SwarmIO emulator lets researchers test SSDs that outperform today's fastest drives
KAIST's SwarmIO Gives Researchers a Way to Test Drives That Don't Exist Yet
There's a gap opening up in AI infrastructure, and it's getting harder to ignore. GPUs can now generate tens of millions of storage requests per second. The SSDs meant to service those requests cannot. Kioxia's new GP Series drive, announced at NVIDIA GTC in March, targets 10 million IOPS this year with a roadmap to 100 million IOPS by 2027. Evaluation samples will be available to select customers in Q3 2026. But that hardware is still months away, and the systems thinking about how to use it needs to start now.
That's the problem SwarmIO is built to solve.

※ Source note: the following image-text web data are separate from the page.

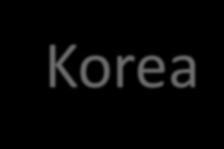 Korea Coverage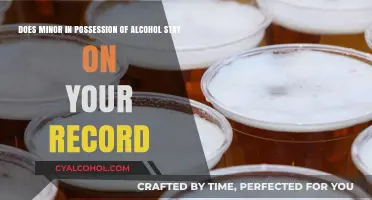 MIP Charges: What's the Long-Term Impact?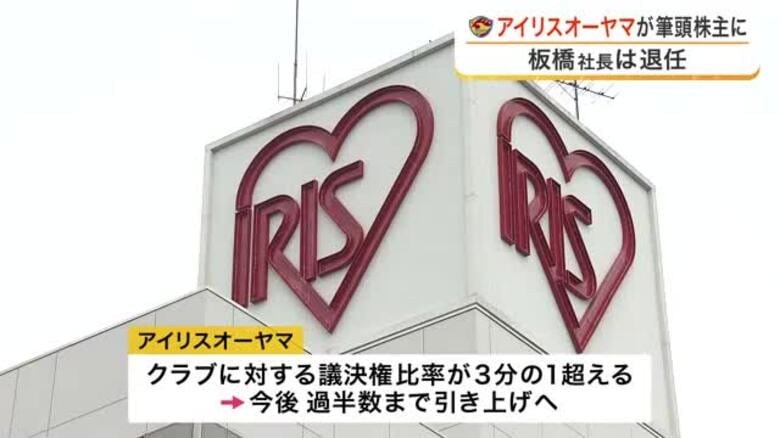ベガルタがアイリスオーヤマの関連会社へ　定例取締役会で承認　２０２５年度決算は１億４８００万円の赤字｜FNNプライムオンライン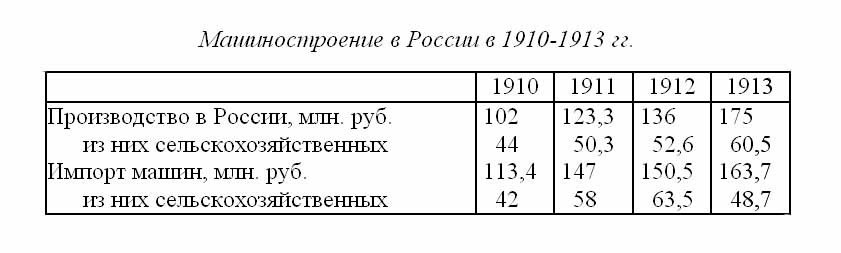 Столыпин — отец русской революции - _3.jpg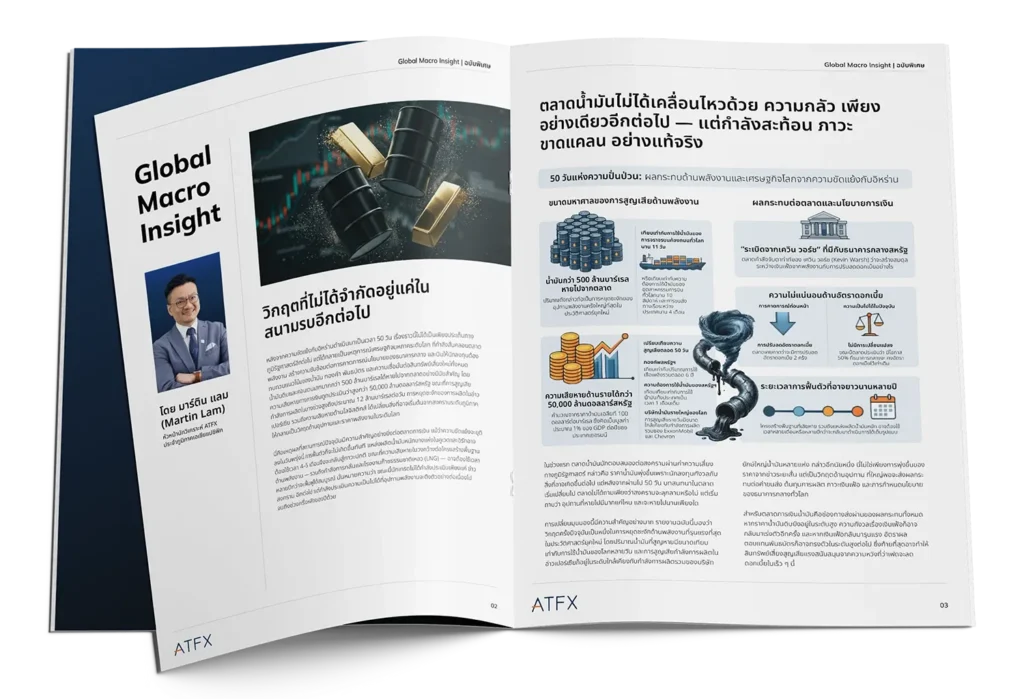 imgi_25_20260430_ATFX_Global-Macro-Insight_Landing-page_R1_Mockup_Inner_TH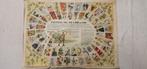 "Nouveau Jeu de l'oie de 1916 (oorlog 14-18), Verzamelen, Ophalen, Gebruikt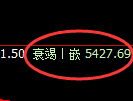 液化气期货:日线高点,精准展开大幅回落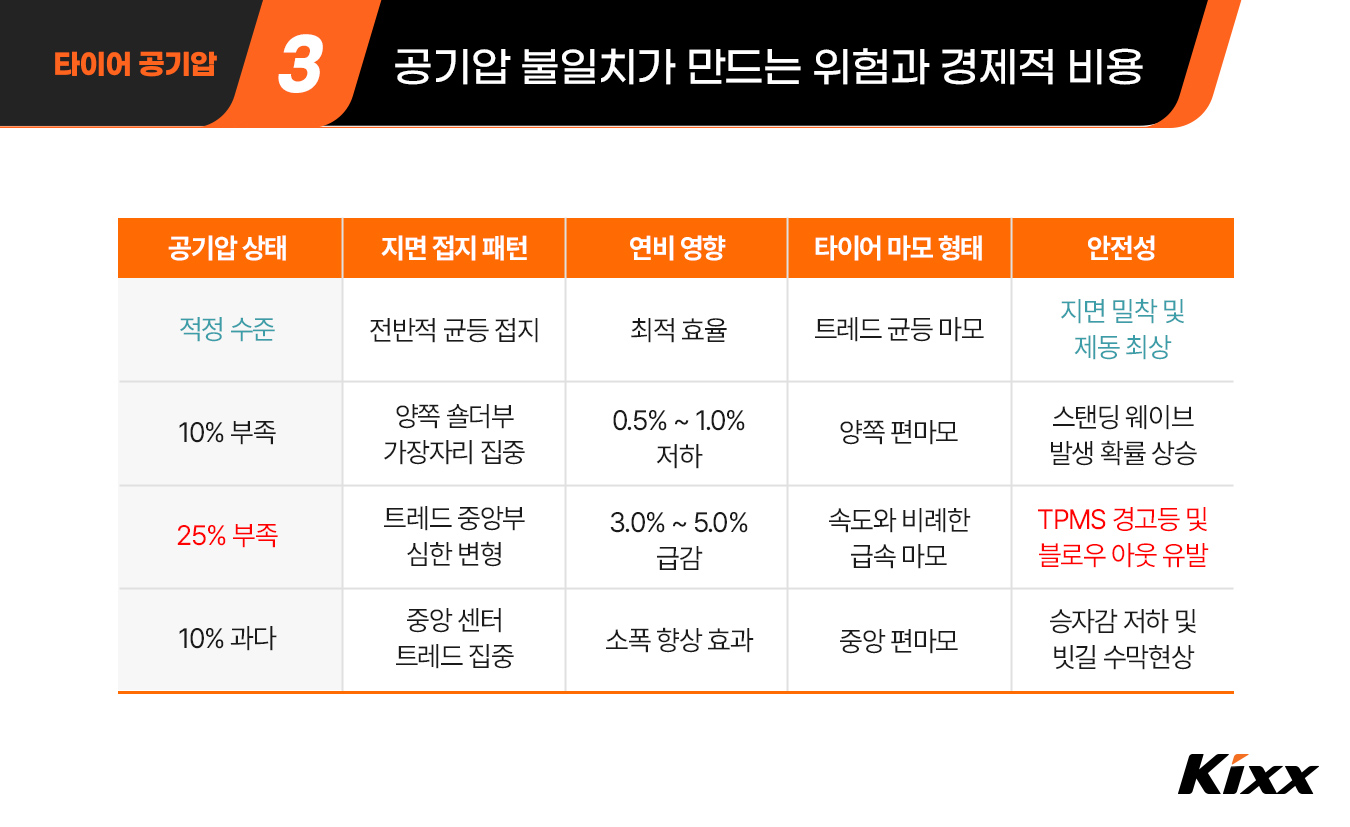 4-vehicle-maintenance-2026-tire-pressure.jpg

A research group at KAIST, led by Professor Minsoo Rhu — who was inducted into the ISCA Hall of Fame in 2024 (alongside the HPCA Hall of Fame in 2021 and MICRO Hall of Fame in 2022) — has published an open-source SSD emulator called SwarmIO that models IOPS-optimized storage at scales no physical drive currently sustains. The paper, posted to arXiv on April 8, describes a system that achieves 303.9 times the throughput of the best existing SSD emulator under GPU-initiated I/O workloads, and demonstrates its utility in a vector search case study where moving from 2.5 million IOPS to 40 million IOPS yielded a 9.7-times end-to-end speedup.
The core challenge is architectural. Traditional SSD emulators were designed for host-CPU I/O, where a relatively small number of threads generate requests. GPU-initiated I/O is fundamentally different: thousands of GPU threads can each submit independent storage requests simultaneously, producing request streams that dwarf what CPU-side systems were built to handle. The three bottlenecks the KAIST team identified are worth understanding in detail, because they're not obvious.
First, frontend scalability. Conventional emulators ingest requests through a shared software frontend that wasn't designed for massive parallelism. Under GPU workloads, queues build up immediately and throughput collapses. SwarmIO distributes request ingestion across a parallelism-aware architecture that scales with thread count rather than choking on it.
Second, control path overhead. GPU-initiated I/O follows different data and control paths than CPU-generated I/O. In existing emulators, moving data between CPU-side storage structures and GPU-resident I/O buffers requires software-mediated copies that add latency at every step. SwarmIO offloads these copy operations to the Intel Data Streaming Accelerator, a hardware offload engine already present in modern server CPUs, and includes a co-designed kernel-level API to maximize DSA utilization in a multi-threaded environment.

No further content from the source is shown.